I have strong feelings on both sides of the argument.
On the one hand, I think this is a sign of progress. According to this news article, no violence happened. Students were angry, but respectful conversations happened. Debate ensued.
What significant is that they are talking about it. Nobody bombed anyone. People got angry, sure. But nobody got killed or hurt. For our country, this is progress.
Perhaps, this generation is ready to talk about race. The white kids are comfortable enough to notice and say that these policies are unfair. They are feeling a smidgeon of some of the indignities that their darker-skinned classmates past generations felt. An eensy, weensy smidgeon. It is unfortunate that they have to be the ones to pay for their older generations’ sins. But on the other hand, they are not suffering anywhere near as much as the opposite side has. That’s not really fair either.
So, it’s a significant that they are having this conversation. It is a sign of progress. Past generations discussed race with violence and hate. We should be proud of this generation that they have come to a point that past generations couldn’t. We are growing as a country.
On the other hand, I know how these kids feel, to some extent.
When I went to Wayne State University in Detroit, I had white friends who struggled to pay for school. They were given no preference and no scholarships without proving some sort of academic achievement.
I also I knew smart and worthy students of color who never would have made it into school without the help of their skin color as a basis for preferential treatment.
Personally, I watched as black students were given internships at the Detroit News and Free Press where I was passed over.

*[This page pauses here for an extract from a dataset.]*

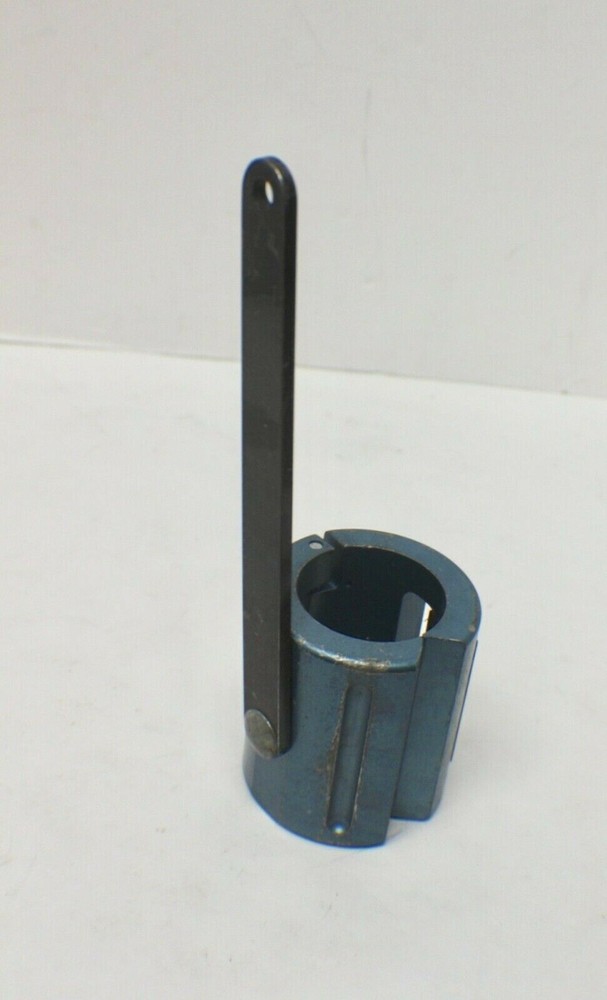 LEMCO GT-158U GROUND TOOL KIT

In one instance, I was particularly angry upon hearing of one of my classmates receiving an internship at one of the papers. I knew for a fact that she could barely string a decent sentence together and wrote horrendously bad news articles pulling quotes out of press releases, never bothering to call sources. She was not only a bad writer, but a bad reporter. She had no business in a newsroom at all. I knew this because I was her editor at our school newspaper. And yet, she was given that opportunity because of her skin color. I was not given the opportunity, because of my skin color. (No, I’m not bitter. Not at all.)
Even so, I support affirmative action policies and organizations.They are important. They are still needed because even though poor white students who are not racists will be passed over, there are still a shit ton of prejudicial indignities in this country. It’s one area that we can thrive and grow, helping the balance out.
I also have selfish reasons to support these policies.
If there are still affirmative action policies in place by the time Annika reaches college age, I will encourage her to use all resources possible to raise herself into a comfortable position.
Is that really fair? She’s not coming from an underprivileged ghetto life. She won’t be one of those kids that’s just barely making it. From that viewpoint, it’s not exactly what affirmative action was installed for.
But on the other hand, there will be times in her life where she will be negatively viewed and judged based on her skin color, (and her gender). In that aspect, that is exactly why we have these programs in place for workplaces and organizations. It’s good to have a leg up from the start when you may have inequalities slap you in the face when you are least expecting it.
Giving students of color preference at prestigious universities is a good place to keep these programs in place and add to them.
Because, no, we are nowhere near ready for complete and utter equality. It just isn’t time. Yet.